Building trust? That’s one way to look at it…
But what about risk? Paul Slovic is a founder of risk-perception research, a field started in the early 1970s. Much of Slovic’s research is focused on understanding why people react to risk the way they do. Slovic’s analysis of risk perception shows that if an activity has certain qualities, people increase their perception of risk. Once we understand these risk-increasing qualities, they can be appropriately addressed. For example, several key risk-increasing qualities Slovic identified are:
- Familiarity — Unfamiliar risks make us worry more.
- Understanding — If we don’t understand how something works, our sense of risk goes up.
- Trust — If the organization involved is not seen as generally trusted, our perceived risk increases.
- Benefits — If the benefits of something are not clear to us, we believe it is more risky.
- Personal Risk — If the risk puts me (personally) in danger, I worry more, risk increases.
The actual list is far longer than this, but let’s look at the above five qualities. Now let’s think about what makes communication impactful. While it’s important that marketing communications are catchy and memorable, it’s also important that they reduce risk. While in many marketing circles we discuss “building trust,” we should consider that “trust” is simply one element the brain uses to evaluate risk.
Instead of asking “How do we build trust?” ask “How do we reduce risk?”
Trust is a popular buzzword, and works great in presentations … as long as no one gives it too much thought. But can you really earn trust in a single communication? From a logo? In a single interaction? Or does trust grow from experience? A tentative relationship that either went well, or did not. Once a relationship is established with a customer, a company has many opportunities to build trust…but can you build trust with a stranger?
Slovic’s risk increasing elements should be seen as barriers to purchase. Risk is a mental roadblock, a red flag that stops us from taking action. However, many organizations have come up with tactics to reduce risk:
- In-Store Sampling — Studies have shown that in-store sampling not only has dramatic sales impact on the day of the sampling event, but also increases sales of established products and line extensions, as well as new products, for many weeks following. In-store sampling reduces risk by creating familiarity with the product and also makes the benefits of the product clear (via tasting).
- Free Return Shipping — Zappos has done a great job reducing the perceived risk of buying shoes online by offering free return shipping. Customers don’t need to worry about the shoes not fitting because they can easily return them, thus reducing the risk of the initial purchase.
- Demos — Ron Popeil revolutionized the infomercial. He created such late-night sales greats such as the Showtime Rotisserie and Veg-O-Matic. Ron’s infomercials open with shots of beautifully prepared food (benefits), then Ron shows exactly how the product works (understanding) and prepares meal after meal to demonstrate the various uses of his products (benefits). One of Ron’s longest running infomercials was 28 minutes long, which may seem excessive, but also established familiarity with the product and with Ron himself.
- Testimonials — If a business features testimonials on their marketing materials, an element of third party trust is presented. If the business can create a perception that they are generally trusted (by independent third parties) risk to the customer goes down.

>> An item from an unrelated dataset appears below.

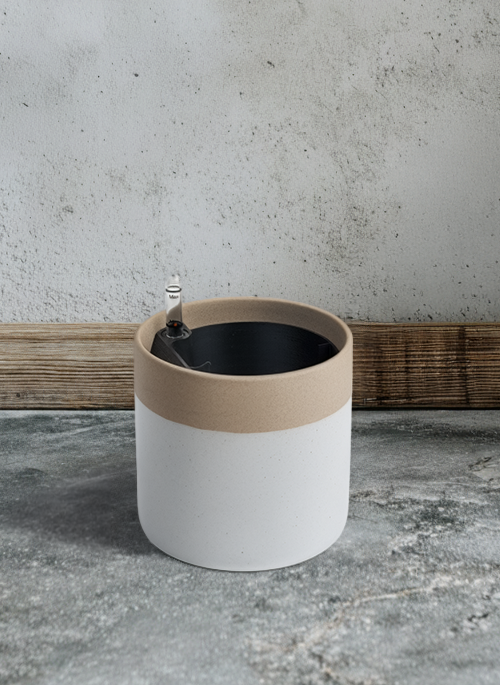 Self-watering Planter Mesa Dipped Natural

- Driver’s License — In Italy penalty points on your license for traffic violations go backwards, you start with 20 and authorities take them away. Italian officials found that loss aversion is a more powerful influence on people’s behavior than gaining penalty strikes on your record (as they do in Britain). This of course speaks to the personal risk in the form of loss. The perception of loss throws up a red risk flag, motivating citizens to reduce their risk of loss.
When you look at some of the more effective marketing out there, you’ll find elements of risk reduction at play, disguised (sometimes unknowingly) as “trust building.”